-------- Dataset excerpt --------

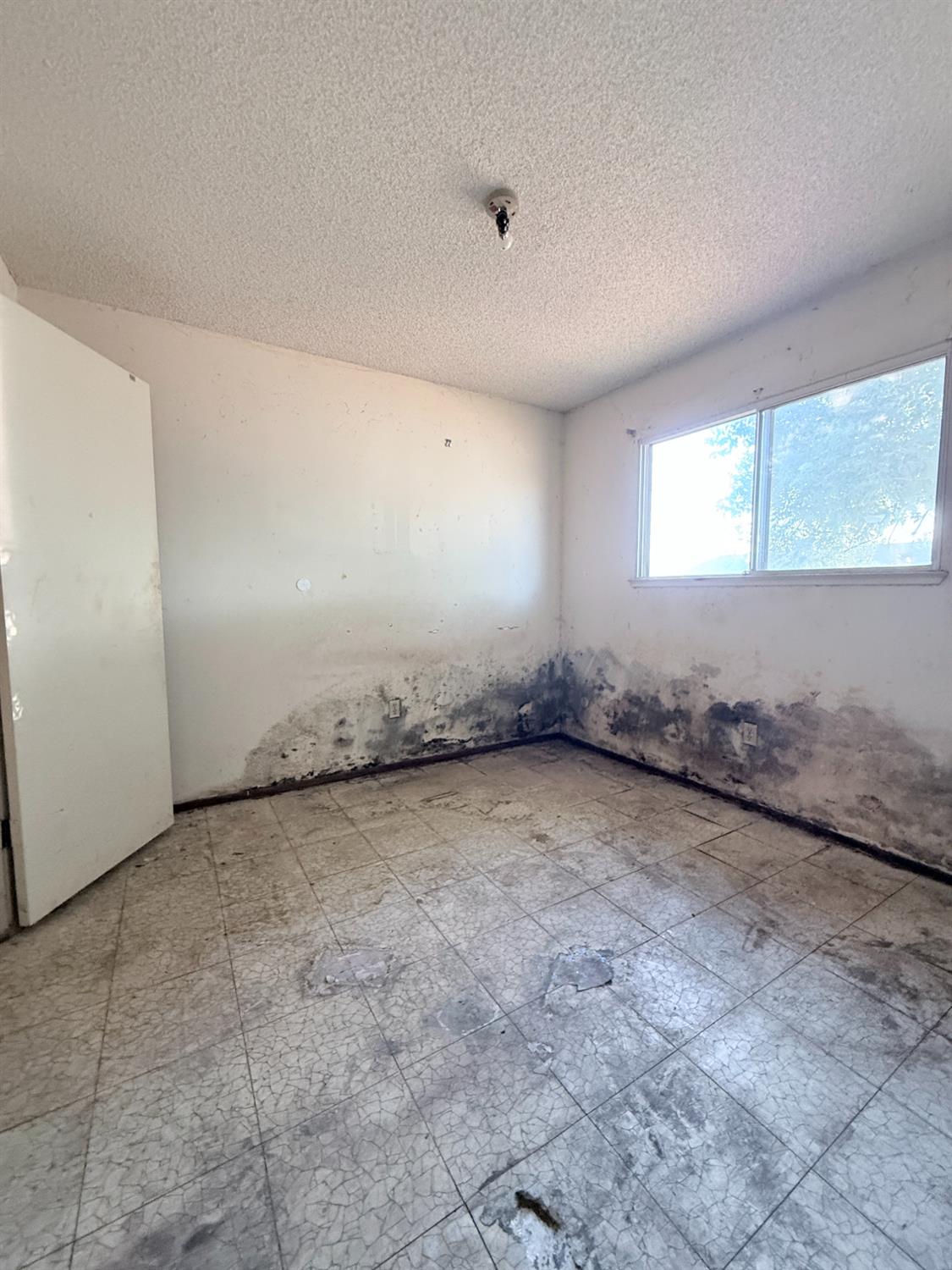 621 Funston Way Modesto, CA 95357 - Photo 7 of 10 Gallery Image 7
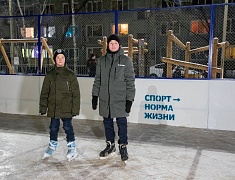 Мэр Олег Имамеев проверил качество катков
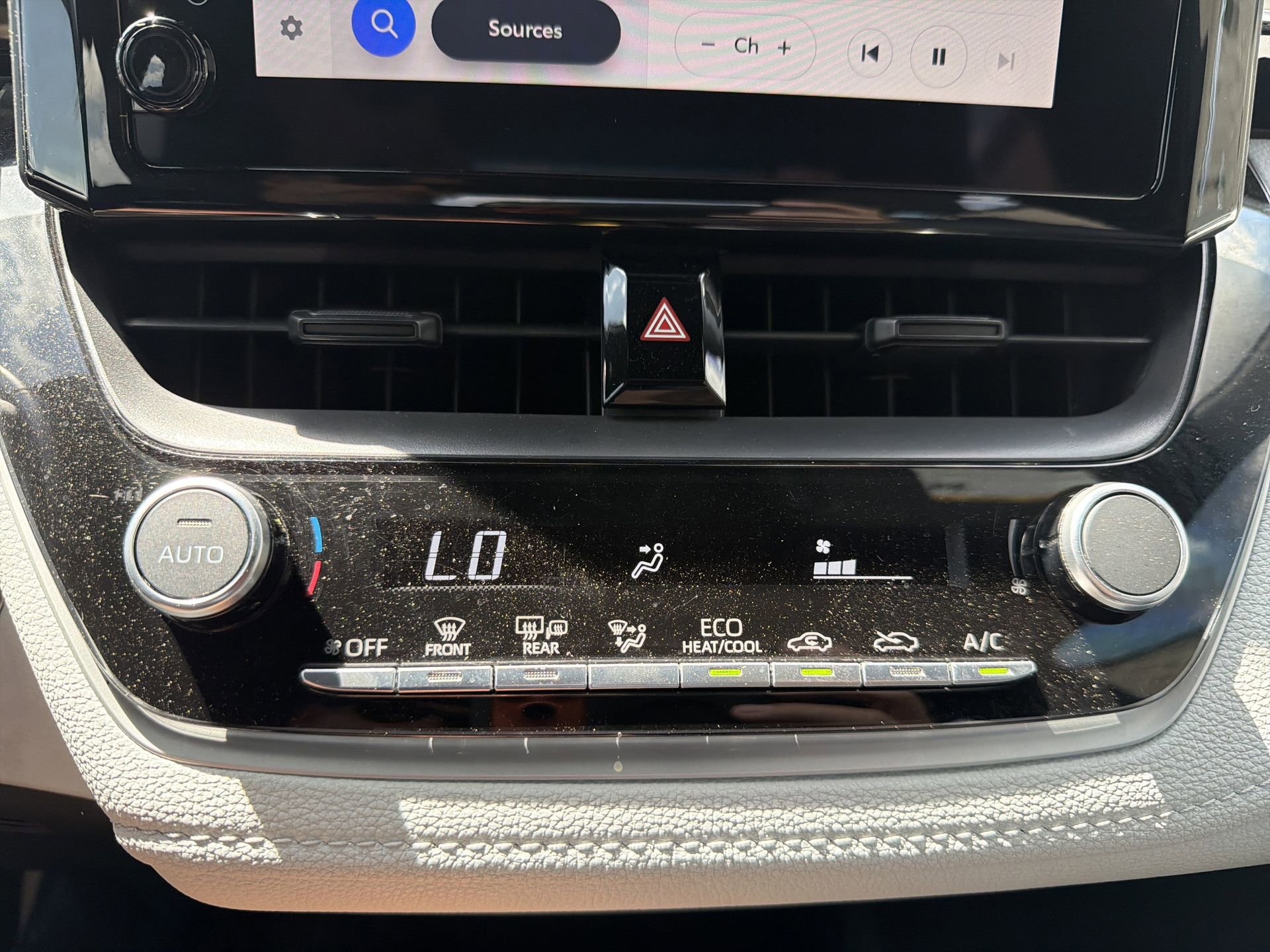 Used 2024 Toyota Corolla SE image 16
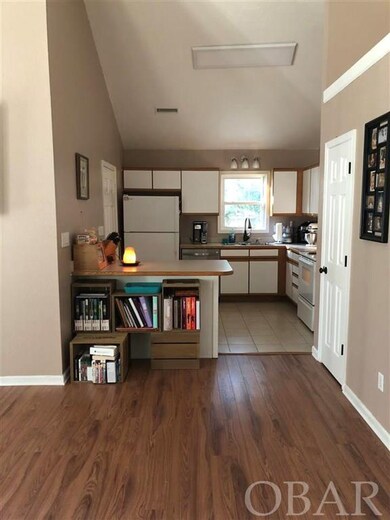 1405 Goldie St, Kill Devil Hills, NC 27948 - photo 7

--------

*Instructions to follow*:
Could you output the entire listing verbatim while omitting its pictures?

*Finished exercise*:
 621 Funston Way Modesto, CA 95357 - Photo 7 of 10 Gallery Image 7
 Мэр Олег Имамеев проверил качество катков
 Used 2024 Toyota Corolla SE image 16
 1405 Goldie St, Kill Devil Hills, NC 27948 - photo 7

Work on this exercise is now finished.